Mandatory Sentencing and the War on Drugs

Nothing has destroyed the checks and balances system more than mandatory sentencing. Take this depressing case, where the judge adamantly oppossed the 55-year sentence he was forced to give a 25-year-old low-level pot dealer. From the NY Times:

Judge Cassell said that sentencing Mr. Angelos to prison until he is 70 years old was "unjust, cruel and even irrational," but that the law that forced him to do so had not proved to be unconstitutional and thus had to stand. The sentence was all the more ironic, he said, because only two hours earlier he had been legally able to impose a sentence of 22 years on a man convicted of aggravated second-degree murder for beating an elderly woman to death with a log. That crime, he argued, was far more serious.

. . . The question of Mr. Angelos's sentence was at the center of a debate as to whether it was fair to send a minor drug dealer to prison for 55 years when a murderer, rapist or terrorist, according to the same sentencing directives, would ordinarily receive no more than about 25 years.

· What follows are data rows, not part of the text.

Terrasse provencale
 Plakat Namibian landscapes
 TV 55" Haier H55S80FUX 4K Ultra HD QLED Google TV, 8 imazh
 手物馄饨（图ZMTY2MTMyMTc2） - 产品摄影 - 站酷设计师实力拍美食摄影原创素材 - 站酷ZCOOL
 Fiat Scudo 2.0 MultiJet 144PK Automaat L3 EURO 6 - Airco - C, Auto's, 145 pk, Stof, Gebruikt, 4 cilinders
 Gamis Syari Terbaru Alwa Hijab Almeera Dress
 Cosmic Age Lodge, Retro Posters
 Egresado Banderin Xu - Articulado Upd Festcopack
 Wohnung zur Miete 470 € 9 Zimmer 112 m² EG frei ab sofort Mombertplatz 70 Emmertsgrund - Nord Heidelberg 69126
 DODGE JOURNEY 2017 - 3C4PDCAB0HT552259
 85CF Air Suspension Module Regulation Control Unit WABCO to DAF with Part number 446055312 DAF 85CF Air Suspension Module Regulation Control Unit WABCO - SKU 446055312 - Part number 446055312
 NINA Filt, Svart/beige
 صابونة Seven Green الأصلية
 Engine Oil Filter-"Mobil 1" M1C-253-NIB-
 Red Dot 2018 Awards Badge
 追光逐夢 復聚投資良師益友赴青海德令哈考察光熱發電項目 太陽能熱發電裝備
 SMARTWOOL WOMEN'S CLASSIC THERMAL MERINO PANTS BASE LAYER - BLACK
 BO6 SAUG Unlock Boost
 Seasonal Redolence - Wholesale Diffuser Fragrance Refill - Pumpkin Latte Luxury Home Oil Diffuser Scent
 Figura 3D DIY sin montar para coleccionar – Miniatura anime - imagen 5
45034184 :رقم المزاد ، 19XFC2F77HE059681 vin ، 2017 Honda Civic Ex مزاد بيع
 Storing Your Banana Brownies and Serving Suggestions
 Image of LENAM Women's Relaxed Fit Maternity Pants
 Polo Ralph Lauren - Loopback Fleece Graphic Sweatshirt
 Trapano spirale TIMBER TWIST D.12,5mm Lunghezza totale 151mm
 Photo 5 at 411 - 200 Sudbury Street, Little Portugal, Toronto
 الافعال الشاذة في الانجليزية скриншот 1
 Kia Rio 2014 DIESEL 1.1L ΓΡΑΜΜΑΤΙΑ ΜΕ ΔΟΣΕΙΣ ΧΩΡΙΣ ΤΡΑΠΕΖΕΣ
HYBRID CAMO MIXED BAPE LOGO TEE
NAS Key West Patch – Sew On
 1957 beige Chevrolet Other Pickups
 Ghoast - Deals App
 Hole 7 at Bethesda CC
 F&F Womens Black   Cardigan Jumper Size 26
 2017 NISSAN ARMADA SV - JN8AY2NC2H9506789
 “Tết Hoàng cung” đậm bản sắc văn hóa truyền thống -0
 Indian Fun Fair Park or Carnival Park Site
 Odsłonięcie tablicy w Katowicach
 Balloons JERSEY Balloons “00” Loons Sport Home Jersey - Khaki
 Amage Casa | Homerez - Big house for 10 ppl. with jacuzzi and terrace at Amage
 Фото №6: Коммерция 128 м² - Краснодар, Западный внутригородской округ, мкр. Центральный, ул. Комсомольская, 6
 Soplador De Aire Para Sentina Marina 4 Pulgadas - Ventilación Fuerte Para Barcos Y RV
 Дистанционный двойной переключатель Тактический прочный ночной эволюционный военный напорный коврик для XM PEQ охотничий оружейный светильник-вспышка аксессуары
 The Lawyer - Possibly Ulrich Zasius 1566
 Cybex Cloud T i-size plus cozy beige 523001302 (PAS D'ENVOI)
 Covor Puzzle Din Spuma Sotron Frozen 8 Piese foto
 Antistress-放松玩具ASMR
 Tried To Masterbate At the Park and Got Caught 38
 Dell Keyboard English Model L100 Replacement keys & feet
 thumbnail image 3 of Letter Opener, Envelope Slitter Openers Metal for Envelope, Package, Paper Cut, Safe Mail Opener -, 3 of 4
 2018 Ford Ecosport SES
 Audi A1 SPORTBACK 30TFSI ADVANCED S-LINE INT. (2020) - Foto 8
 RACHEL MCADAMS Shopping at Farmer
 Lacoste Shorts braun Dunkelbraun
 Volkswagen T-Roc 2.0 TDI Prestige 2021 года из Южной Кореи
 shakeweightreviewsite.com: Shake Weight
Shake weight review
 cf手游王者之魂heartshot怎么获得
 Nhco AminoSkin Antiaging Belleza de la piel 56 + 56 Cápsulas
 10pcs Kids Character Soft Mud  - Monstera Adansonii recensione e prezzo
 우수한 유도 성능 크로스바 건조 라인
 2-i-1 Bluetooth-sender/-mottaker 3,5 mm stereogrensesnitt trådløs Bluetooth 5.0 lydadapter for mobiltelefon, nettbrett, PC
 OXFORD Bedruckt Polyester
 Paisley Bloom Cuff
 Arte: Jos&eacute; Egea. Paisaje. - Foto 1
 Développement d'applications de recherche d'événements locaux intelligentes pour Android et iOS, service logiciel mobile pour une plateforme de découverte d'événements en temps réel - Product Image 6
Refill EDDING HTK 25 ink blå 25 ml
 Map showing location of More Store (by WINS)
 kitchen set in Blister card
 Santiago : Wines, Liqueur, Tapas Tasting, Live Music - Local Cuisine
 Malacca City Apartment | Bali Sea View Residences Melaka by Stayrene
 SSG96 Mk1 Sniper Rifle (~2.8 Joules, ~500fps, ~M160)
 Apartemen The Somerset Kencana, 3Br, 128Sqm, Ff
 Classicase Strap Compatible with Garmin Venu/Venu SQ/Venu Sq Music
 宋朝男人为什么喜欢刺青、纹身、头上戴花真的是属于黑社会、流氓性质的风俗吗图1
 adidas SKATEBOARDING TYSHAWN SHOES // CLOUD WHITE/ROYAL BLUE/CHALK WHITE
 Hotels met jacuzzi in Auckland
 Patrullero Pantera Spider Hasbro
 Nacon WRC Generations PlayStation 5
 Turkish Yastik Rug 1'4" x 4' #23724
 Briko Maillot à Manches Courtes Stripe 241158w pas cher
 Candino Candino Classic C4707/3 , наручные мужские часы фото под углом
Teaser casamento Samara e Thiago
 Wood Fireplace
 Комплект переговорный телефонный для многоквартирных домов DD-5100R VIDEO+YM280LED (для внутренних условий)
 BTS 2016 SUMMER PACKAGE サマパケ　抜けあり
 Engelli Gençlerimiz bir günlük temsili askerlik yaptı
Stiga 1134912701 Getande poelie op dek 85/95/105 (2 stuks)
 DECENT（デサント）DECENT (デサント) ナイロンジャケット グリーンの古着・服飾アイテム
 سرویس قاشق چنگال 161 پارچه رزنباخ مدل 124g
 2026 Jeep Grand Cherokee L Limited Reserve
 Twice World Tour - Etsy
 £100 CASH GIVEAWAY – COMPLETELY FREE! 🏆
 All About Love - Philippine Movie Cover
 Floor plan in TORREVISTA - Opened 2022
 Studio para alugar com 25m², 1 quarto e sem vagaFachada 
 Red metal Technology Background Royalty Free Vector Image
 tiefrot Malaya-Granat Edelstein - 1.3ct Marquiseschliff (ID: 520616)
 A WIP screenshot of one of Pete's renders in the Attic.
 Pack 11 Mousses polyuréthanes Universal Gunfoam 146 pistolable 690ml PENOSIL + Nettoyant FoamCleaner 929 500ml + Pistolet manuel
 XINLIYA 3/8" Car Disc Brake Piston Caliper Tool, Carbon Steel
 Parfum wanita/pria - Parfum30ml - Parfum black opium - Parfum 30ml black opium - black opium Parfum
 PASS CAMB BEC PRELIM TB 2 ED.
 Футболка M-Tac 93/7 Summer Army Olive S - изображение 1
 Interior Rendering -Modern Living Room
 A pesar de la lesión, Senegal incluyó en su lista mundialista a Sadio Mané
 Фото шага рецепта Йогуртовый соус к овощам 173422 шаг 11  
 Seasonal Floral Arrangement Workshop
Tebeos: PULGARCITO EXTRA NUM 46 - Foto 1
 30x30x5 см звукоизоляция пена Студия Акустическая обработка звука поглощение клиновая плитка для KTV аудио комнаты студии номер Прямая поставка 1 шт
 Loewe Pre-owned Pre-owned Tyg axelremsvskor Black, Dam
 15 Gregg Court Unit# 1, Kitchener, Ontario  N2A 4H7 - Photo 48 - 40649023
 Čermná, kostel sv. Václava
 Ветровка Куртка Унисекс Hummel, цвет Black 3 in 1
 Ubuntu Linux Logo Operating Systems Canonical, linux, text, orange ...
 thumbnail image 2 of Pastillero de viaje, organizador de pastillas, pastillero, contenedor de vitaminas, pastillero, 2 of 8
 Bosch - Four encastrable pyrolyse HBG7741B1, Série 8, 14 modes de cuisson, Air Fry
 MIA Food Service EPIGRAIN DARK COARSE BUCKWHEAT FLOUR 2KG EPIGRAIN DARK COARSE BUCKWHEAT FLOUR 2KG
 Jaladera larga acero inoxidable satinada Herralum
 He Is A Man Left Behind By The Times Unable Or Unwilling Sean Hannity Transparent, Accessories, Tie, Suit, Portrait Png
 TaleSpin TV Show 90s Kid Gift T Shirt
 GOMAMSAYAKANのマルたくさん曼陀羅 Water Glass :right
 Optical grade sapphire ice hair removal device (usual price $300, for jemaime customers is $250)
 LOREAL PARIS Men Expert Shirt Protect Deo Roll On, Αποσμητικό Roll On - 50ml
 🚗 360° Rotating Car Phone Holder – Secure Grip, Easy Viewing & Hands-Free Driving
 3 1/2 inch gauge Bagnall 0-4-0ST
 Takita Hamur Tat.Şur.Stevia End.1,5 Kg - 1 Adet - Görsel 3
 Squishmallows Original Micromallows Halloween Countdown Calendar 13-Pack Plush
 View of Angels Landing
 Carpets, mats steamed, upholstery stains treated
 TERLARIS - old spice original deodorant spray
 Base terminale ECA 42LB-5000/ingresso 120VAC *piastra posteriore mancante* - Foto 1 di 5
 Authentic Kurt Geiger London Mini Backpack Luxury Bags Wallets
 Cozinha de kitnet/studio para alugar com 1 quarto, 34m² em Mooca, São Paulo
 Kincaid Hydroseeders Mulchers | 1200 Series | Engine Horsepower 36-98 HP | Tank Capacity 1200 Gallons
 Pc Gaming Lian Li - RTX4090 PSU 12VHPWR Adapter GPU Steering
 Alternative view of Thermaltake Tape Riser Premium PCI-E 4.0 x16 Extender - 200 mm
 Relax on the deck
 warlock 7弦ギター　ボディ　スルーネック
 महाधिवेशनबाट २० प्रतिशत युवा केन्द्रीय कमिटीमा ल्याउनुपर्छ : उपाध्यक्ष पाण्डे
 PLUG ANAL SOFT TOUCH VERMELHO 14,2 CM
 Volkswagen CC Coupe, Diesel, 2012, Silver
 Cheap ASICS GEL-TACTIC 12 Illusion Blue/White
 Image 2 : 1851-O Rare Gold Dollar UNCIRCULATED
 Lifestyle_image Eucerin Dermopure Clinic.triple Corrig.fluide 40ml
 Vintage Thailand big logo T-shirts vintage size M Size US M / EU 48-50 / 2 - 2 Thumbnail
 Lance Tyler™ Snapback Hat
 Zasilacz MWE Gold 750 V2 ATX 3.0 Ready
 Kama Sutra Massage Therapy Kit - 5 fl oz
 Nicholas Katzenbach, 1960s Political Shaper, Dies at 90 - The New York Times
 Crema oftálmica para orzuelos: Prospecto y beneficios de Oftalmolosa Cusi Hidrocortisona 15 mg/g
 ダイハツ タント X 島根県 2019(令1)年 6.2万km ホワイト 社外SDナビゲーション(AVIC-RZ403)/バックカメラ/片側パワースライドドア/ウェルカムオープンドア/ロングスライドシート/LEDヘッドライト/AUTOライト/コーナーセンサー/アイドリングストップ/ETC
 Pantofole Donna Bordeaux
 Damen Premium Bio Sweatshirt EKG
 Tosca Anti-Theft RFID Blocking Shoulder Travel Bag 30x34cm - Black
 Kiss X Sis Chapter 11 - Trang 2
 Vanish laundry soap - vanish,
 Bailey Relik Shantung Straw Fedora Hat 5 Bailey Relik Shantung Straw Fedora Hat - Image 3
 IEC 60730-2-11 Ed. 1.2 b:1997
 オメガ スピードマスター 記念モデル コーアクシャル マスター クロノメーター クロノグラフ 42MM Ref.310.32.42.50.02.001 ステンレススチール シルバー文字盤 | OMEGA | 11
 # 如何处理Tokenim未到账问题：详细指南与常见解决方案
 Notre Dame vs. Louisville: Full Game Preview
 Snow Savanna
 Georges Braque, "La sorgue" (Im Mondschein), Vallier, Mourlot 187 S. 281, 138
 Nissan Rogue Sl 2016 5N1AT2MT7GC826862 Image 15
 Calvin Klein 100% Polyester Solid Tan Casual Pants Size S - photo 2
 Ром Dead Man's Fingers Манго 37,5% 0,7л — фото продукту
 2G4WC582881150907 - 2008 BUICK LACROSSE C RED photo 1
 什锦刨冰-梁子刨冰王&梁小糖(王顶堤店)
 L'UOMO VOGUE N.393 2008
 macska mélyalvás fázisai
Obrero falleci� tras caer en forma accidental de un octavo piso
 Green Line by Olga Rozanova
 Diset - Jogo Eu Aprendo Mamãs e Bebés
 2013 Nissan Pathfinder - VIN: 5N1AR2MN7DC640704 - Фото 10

During a court hearing in September, Judge Cassell posed a question to the opposing legal teams in the case: "Is there a rational basis," he asked, "for giving Mr. Angelos more time than the hijacker, the murderer, the rapist?"


On a different note about drug sentencing, check out this story about a judge who gave a pot dealer the choice between prison and the army. I thought this kind of stuff only happened in the movies.

1 Comments:

Anonymous Anonymous said...

Why has nothing been done about overly-stringent mandatory sentencing, or outdated and harsh Rockefeller laws? Bush will clearly not be devoting much attention to the outrageously expensive and ineffectual war on drugs which has sapped our country's resources for years on end. Ashcroft arrested Tommy Chong for christ sake. What is the world coming to?